[SOURCE DATA]
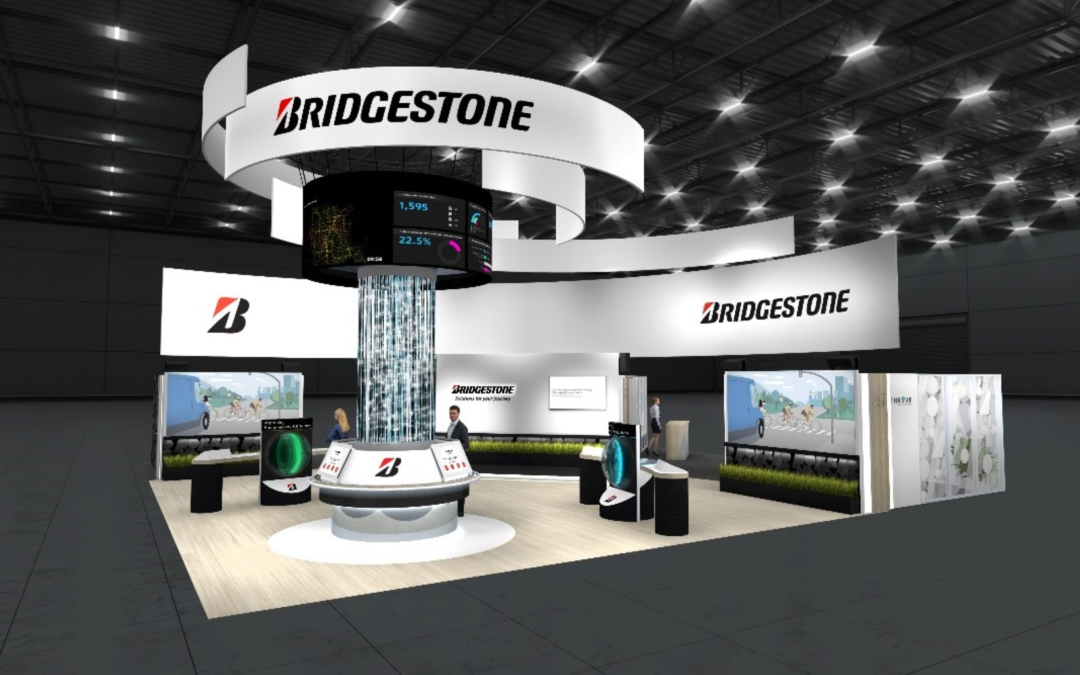 Bridgestone to Showcase a Customizable Suite of Solutions for Commercial Fleets at CES 2024 
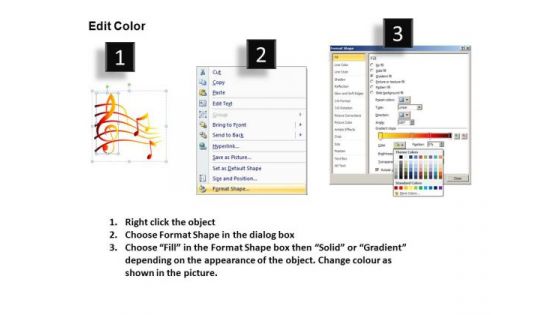 Good Music PowerPoint Slides And Ppt Diagram Templates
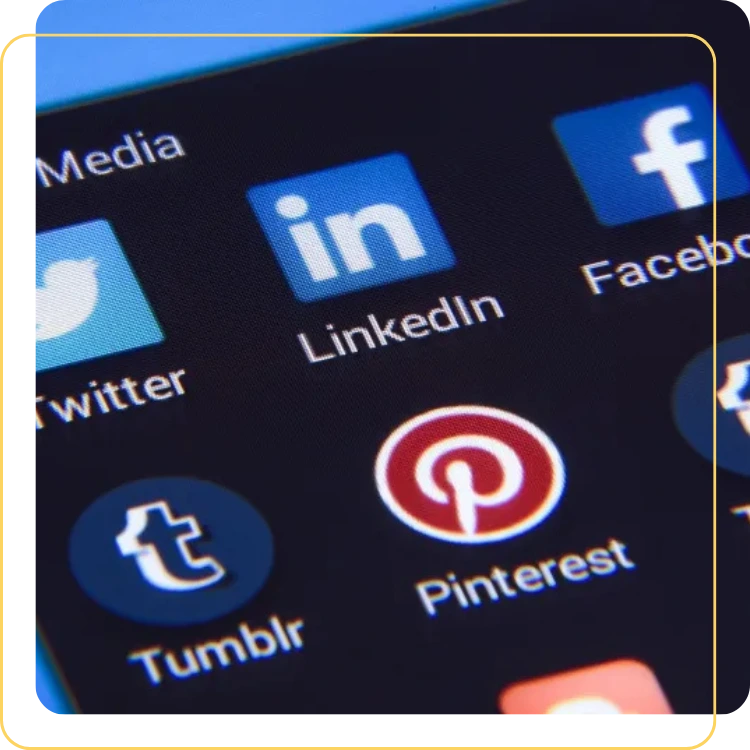 Pinterest, LinkedIn, Reddit hirdetéskezelés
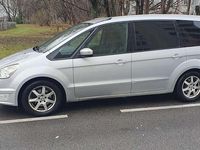 gebraucht Ford Galaxy Galaxy Business Stage V 2,0 TDCi DPF Business Stag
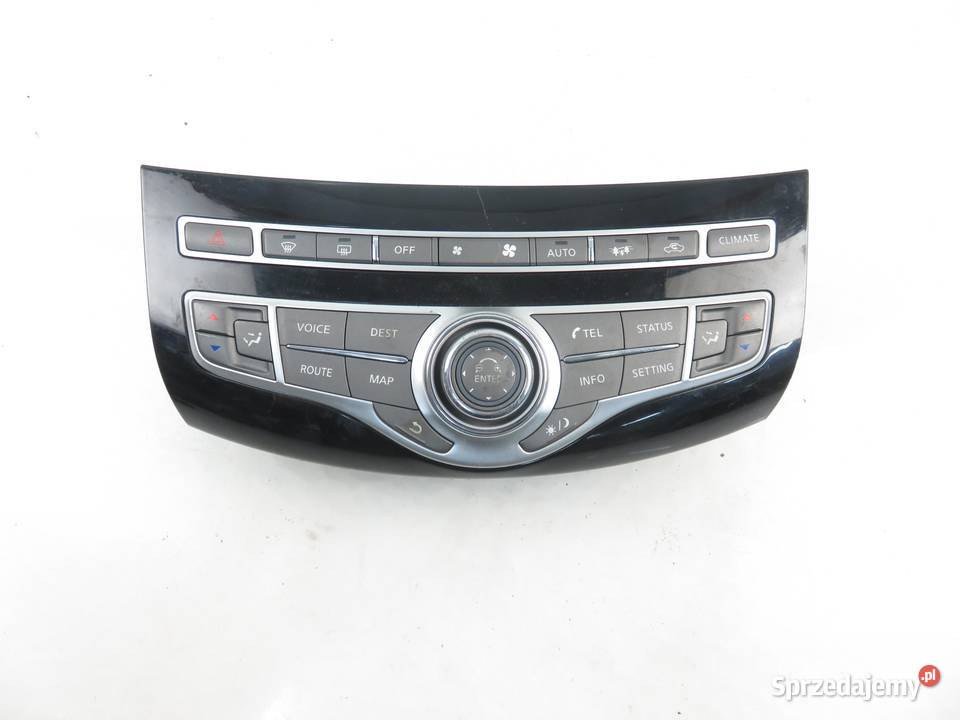 KLIMATRONIK INFINITI M Q70 283951MK3B 283951MK3B sprzedam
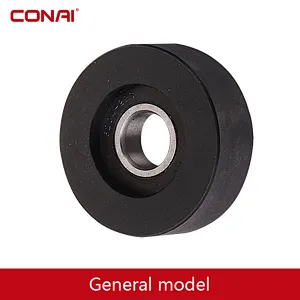 Escalator Step Roller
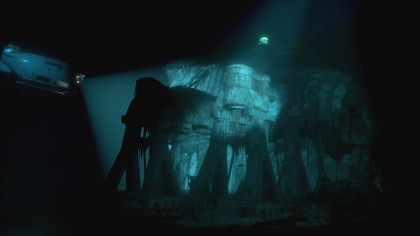 TITANIC Shipwreck Exploration скриншоты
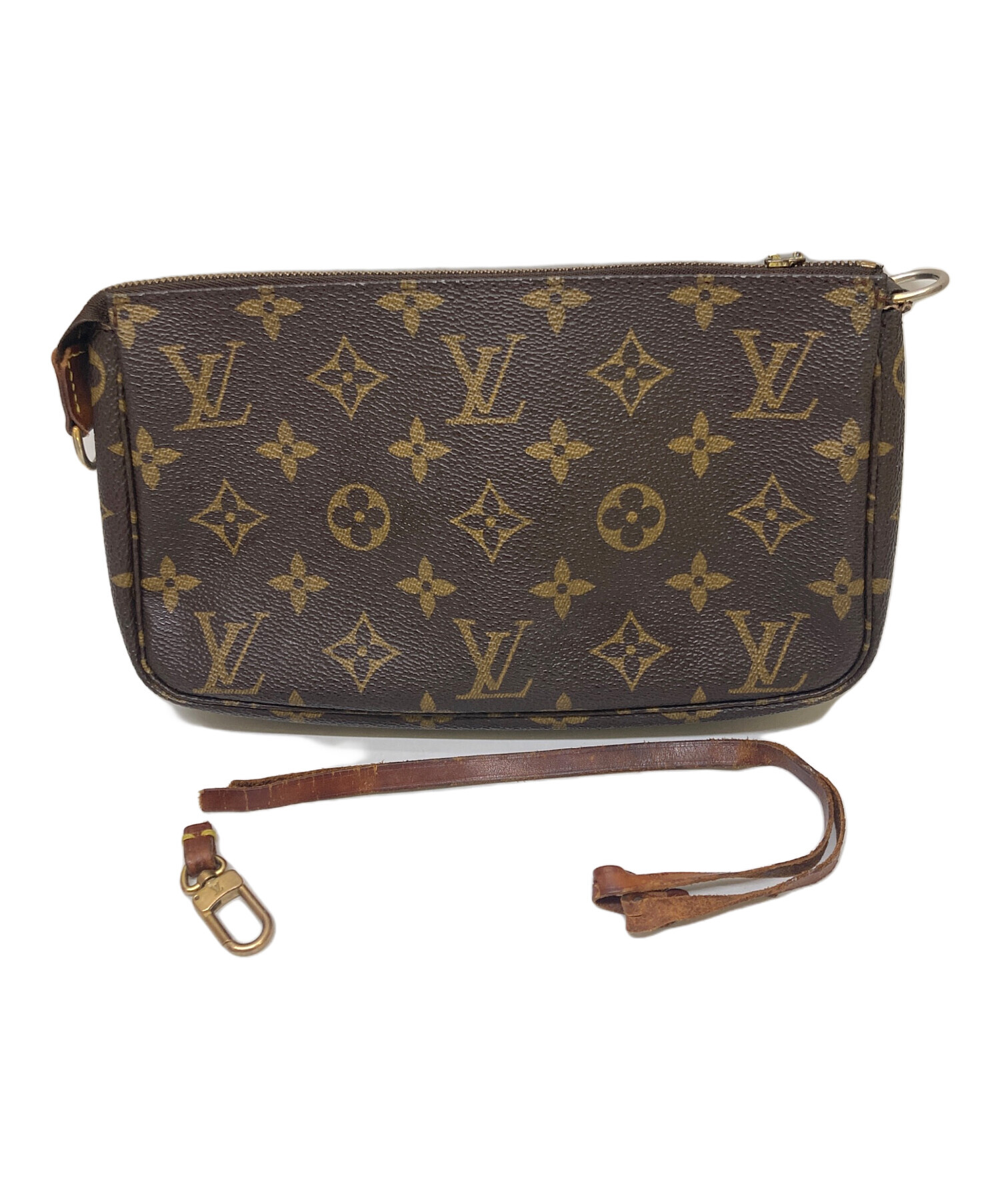 LOUIS VUITTON (ルイ ヴィトン) モノグラム ポシェット・アクセソワール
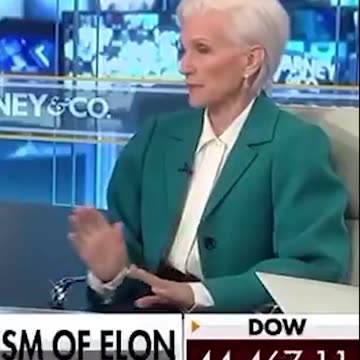 Maye Musk Speaks About Not Trusting The Media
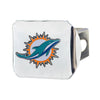 NFL - Miami Dolphins  Hitch Cover - 3D Color Emblem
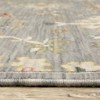 Oriental Weavers Lucca 5507E Grey/ Multi Indoor Area Rug - 2' x 6' - 3 of 4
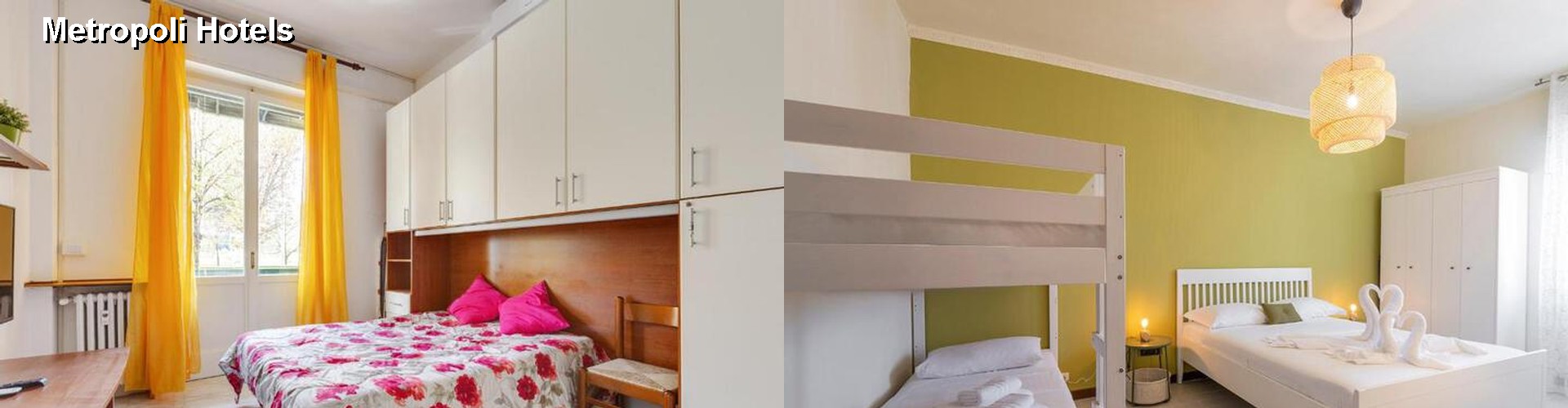 3 Best Hotels near Metropoli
[/SOURCE DATA]
## TASK GOAL
Without reproducing any picture, repeat exactly the lines from the one containing "Escalator Step Roller" through the last line of the material above, both ends included.

## RESPONSE BELOW
 Escalator Step Roller
 TITANIC Shipwreck Exploration скриншоты
 LOUIS VUITTON (ルイ ヴィトン) モノグラム ポシェット・アクセソワール
 Maye Musk Speaks About Not Trusting The Media
 NFL - Miami Dolphins  Hitch Cover - 3D Color Emblem
 Oriental Weavers Lucca 5507E Grey/ Multi Indoor Area Rug - 2' x 6' - 3 of 4
 3 Best Hotels near Metropoli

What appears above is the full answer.